Dopo tre mesi lontano da casa, è rientrato in questi giorni in Italia Il Pugile (o Pugilatore), una delle sculture in bronzo più famose della storia dell’arte.

Dalla fine di luglio ai primi di novembre di quest’anno, la statua è stata esposta al Getty Museum di Los Angeles nell’ambito della fortunata esposizione che i curatori hanno voluto chiamare “Power and Pathos: Bronze Sculpture of the Hellenistic World” e che ha accolto più di 170 mila visitatori.

Ora è tornata a casa, al Museo Nazionale Romano di Palazzo Massimo di Roma, accolta dagli esperti (il soprintendente al Colosseo, al Museo Nazionale Romano e all’Area Archeologica di Roma, Francesco Prosperetti, al direttore del Museo Nazionale Romano Rita Paris), che non senza qualche apprensione, come sempre accade in questi casi, hanno assistito alle operazioni di disimballaggio.

Il fascino del Pugilatore “deriva non solo dalla sua bellezza” ha spiegato Francesco Prosperetti, “ma da quest’aura di mistero che lo circonda.

Il mistero che avvolge i Bronzi di Riace è stato sempre un motivo di grandissimo interesse per il pubblico. Questo non è successo per il Pugilatore, ma le circostanze del ritrovamento e la mancanza di notizie ne fanno veramente un mistero”.

“Giocare in termini di comunicazione sulla grande attrattiva proposta da pezzi di questa importanza” ha poi aggiunto il soprintendente, “è fondamentale in una prospettiva in cui i beni culturali devono diventare la molla di un rinnovamento di questa città”, all’interno della quale proprio il Museo Nazionale Romano “merita un ripensamento perché lo straordinario valore dei pezzi che sono stati portati qui dentro merita un ambiente più al passo con i tempi. Stiamo studiando un progetto, ne parleremo quando sarà pronto”. “Il Pugilatore” ha aggiunto la direttrice Rita Paris, “è in una sala che ha un senso storico, cronologico e stilistico nell’illustrazione, all’interno di questo museo, della cultura artistica a Roma.

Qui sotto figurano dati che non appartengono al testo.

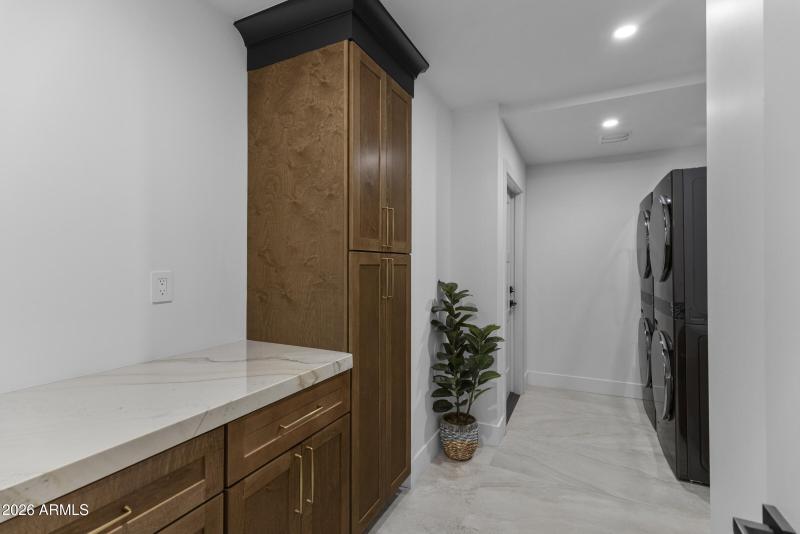 1821 E Lynwood St-52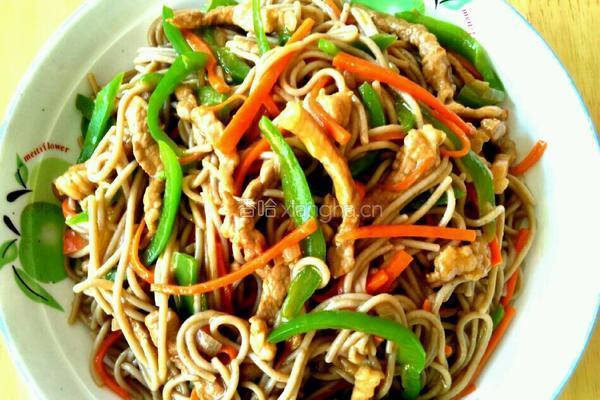 尖椒肉丝炒面的做法图解8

Del Pugilatore l’eccezionalità è che non vi sono copie, è un originale perfettamente conservato che ci lascia tanti dubbi”.

Ma ad attendere il Pugile c’era anche il ‘collega’ Nino Benvenuti, da sempre innamorato, per ovvia empatia, di questa scultura, della quale dice che è “l’emblema dello sportivo”, da identificare “con il pugilato” stesso.